After another season of fishing in Alaska and much planning, Alex has set out to continue the ride south.  This time he has crafted a bike for the Bikapocalypse, with space for many liters of water, a camera, computer, and a guitar.  His Surly Big Dummy is built with a Rohloff hub, custom drilled by Aaron’s Bike Repair in West Seattle for 48 spokes.  A Shimano dynamo hub is wired to Supernova E3 lights front and rear.  Of note, the saddle is one of the most luxurious models that Brooks offers– the sprung triple-railed B33.  The saddle weighs 3.5 lbs.

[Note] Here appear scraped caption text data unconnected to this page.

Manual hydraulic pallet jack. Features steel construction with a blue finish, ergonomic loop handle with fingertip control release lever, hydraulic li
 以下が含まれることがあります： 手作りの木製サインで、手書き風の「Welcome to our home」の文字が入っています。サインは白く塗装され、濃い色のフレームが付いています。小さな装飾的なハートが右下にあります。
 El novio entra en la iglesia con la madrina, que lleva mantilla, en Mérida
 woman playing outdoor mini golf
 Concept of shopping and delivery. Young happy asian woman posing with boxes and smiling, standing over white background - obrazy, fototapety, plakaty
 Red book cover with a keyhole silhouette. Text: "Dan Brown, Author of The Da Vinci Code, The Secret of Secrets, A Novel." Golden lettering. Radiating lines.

Alex hopped the train south to San Francisco from Tacoma, and met a friend for the first few days down the coast.  They mixed pavement and dirt tracks over the mountains from SF to Santa Cruz.  Along the Pacific Coast Highway, Big Sur and the south-central coastline are an exceptional ride– one that never gets old.  Further south, Alex pointed his tires up into the Santa Monica Mountains before descending into Los Angeles.  Now, another friend has flown into San Diego for a few weeks of riding in Baja California.  Alex and I plotted some routes on the peninsula in search of quiet roads and remote beaches.  Working from memory and the same National Geographic series maps that I used several winters ago, they should be on their way from the Pacific Coast across a low mountain range to the Sea of Cortez.  As this Big Dummy continues south, I hope to share more photos and stories from the road.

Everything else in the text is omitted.